**Dataset section:**
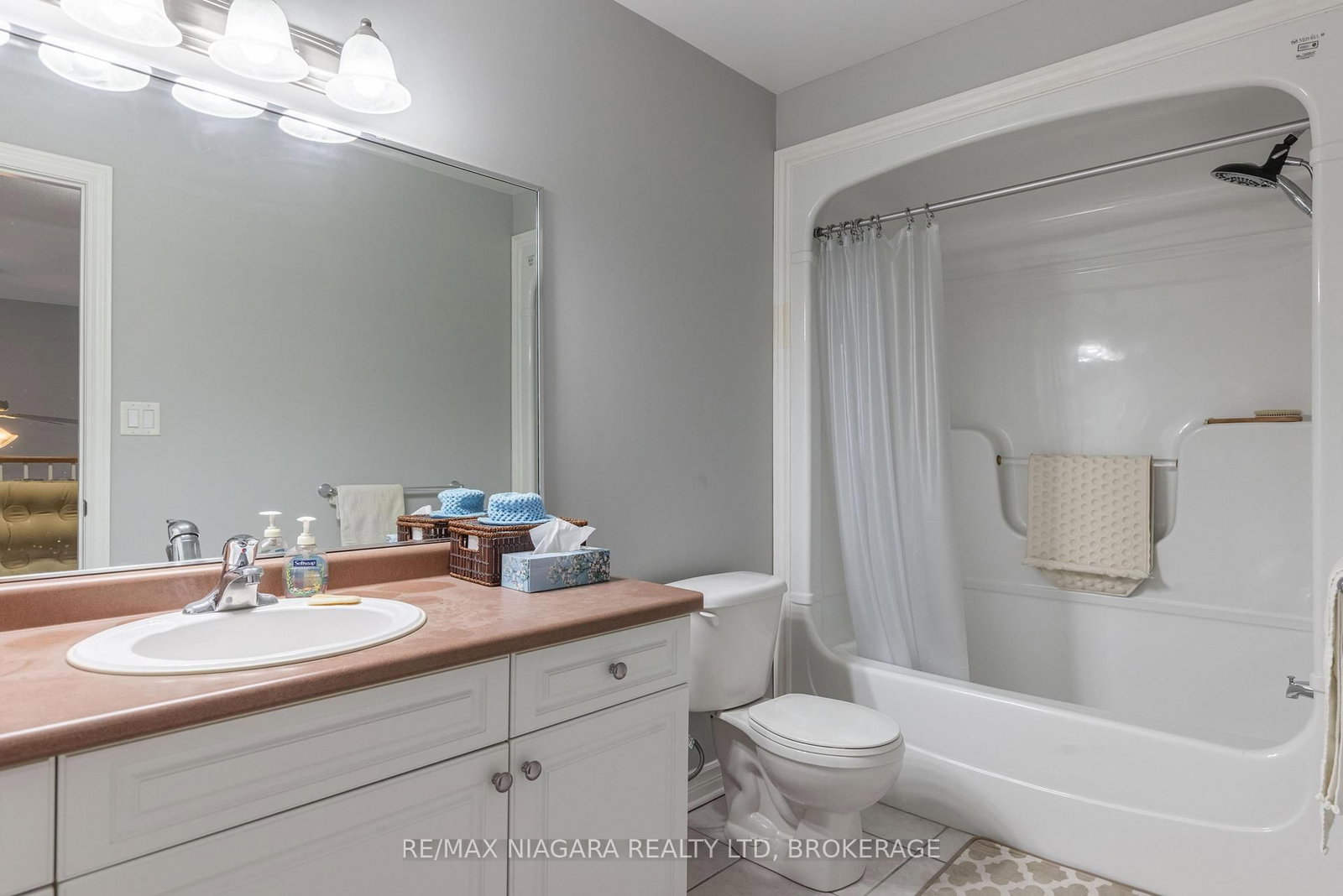 8142 Costabile Drive • #16 • Niagara Falls, ON photo 17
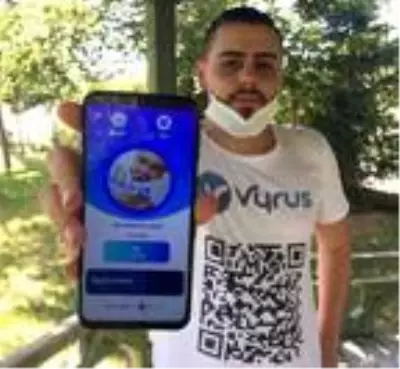Koronavirüsle mücadele için cep telefonu uygulaması geliştirdi Koronavirüsle mücadele için cep telefonu uygulaması geliştirdi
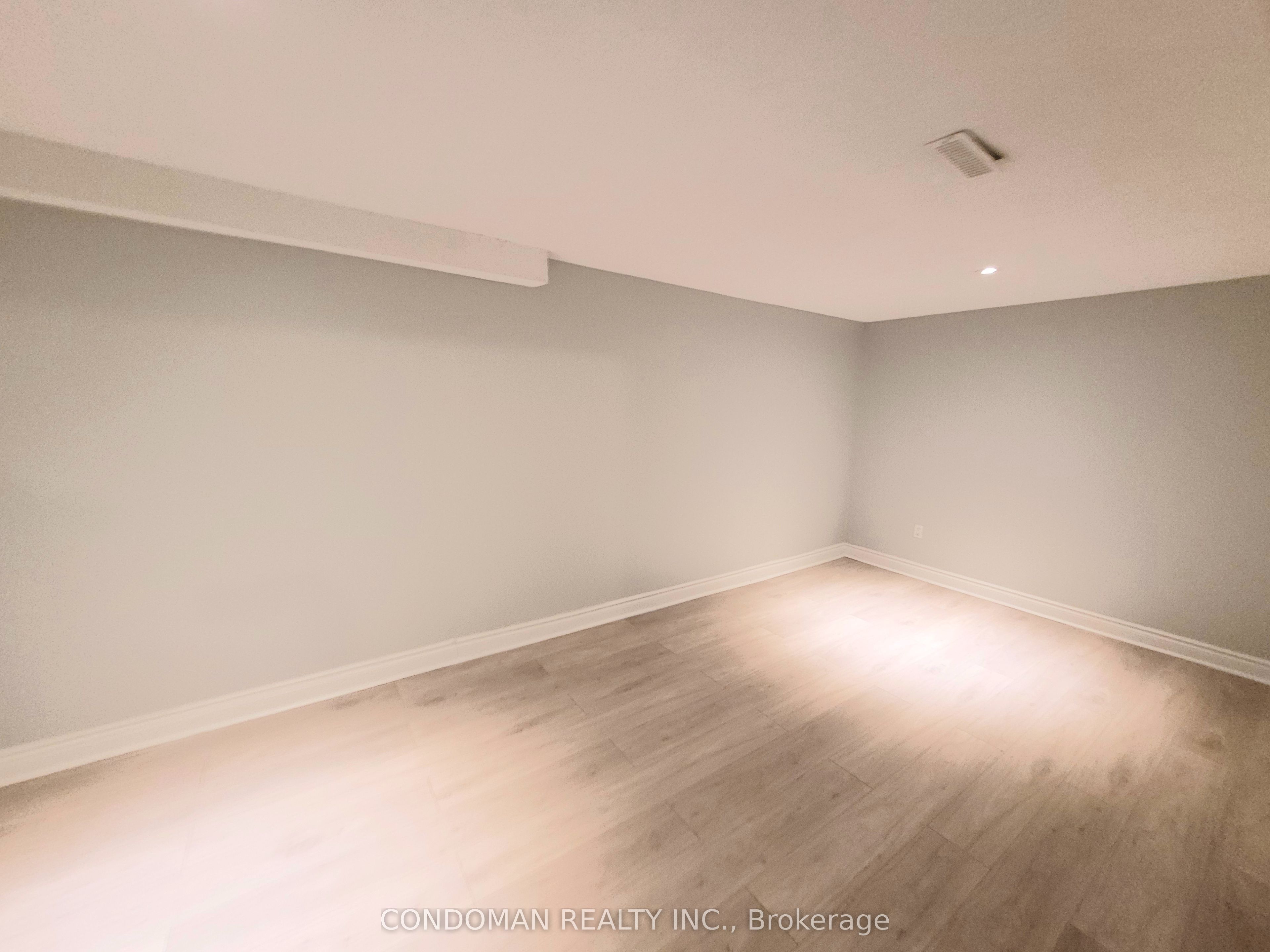 477 Dean Avenue 29 Property Photo 12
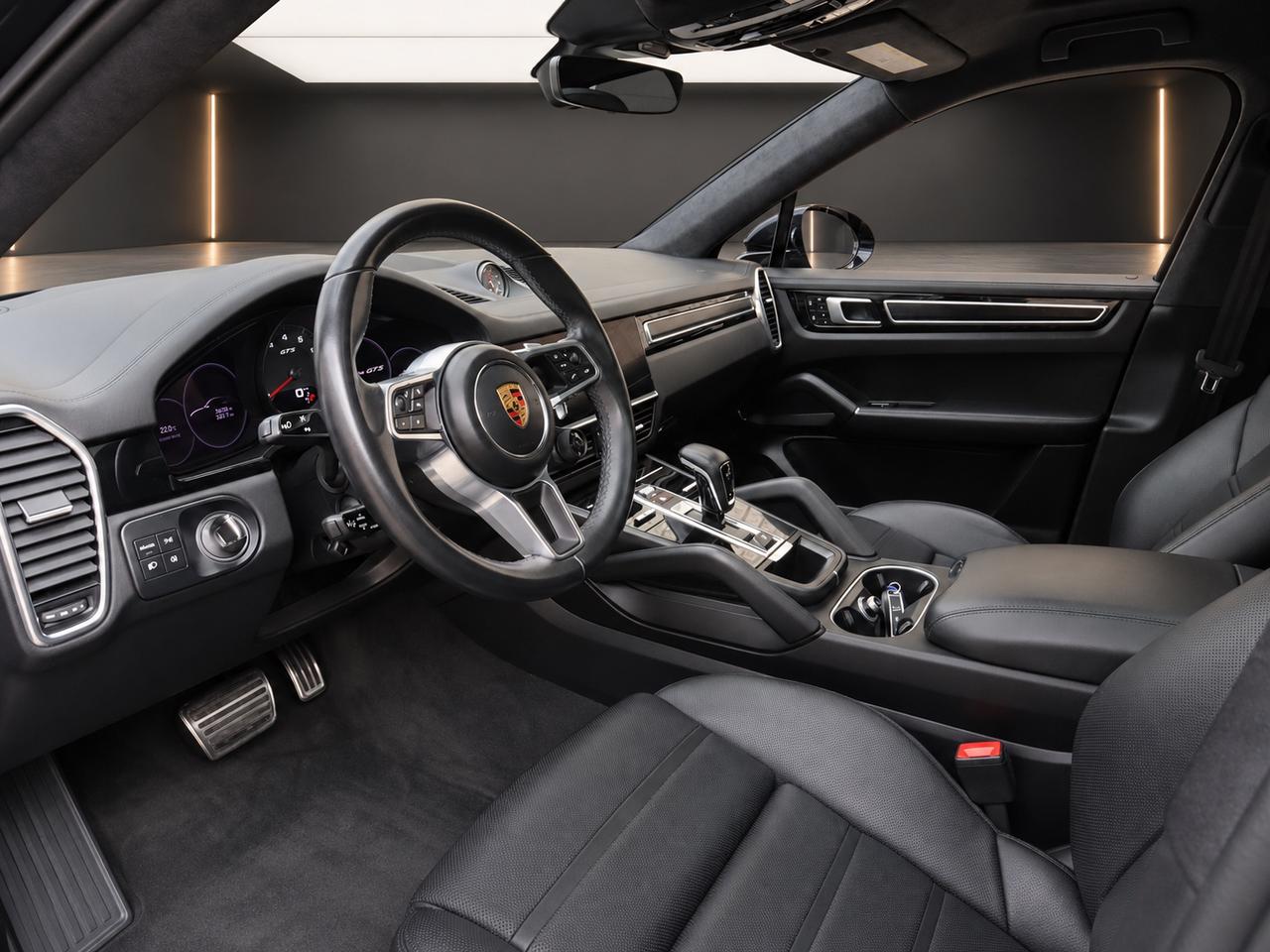 2022 Porsche Cayenne  Photo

**Work instructions:** The material above is to be transcribed exactly, with all pictures omitted.

**Solution to the exercise:**
 8142 Costabile Drive • #16 • Niagara Falls, ON photo 17
Koronavirüsle mücadele için cep telefonu uygulaması geliştirdi Koronavirüsle mücadele için cep telefonu uygulaması geliştirdi
 477 Dean Avenue 29 Property Photo 12
 2022 Porsche Cayenne  Photo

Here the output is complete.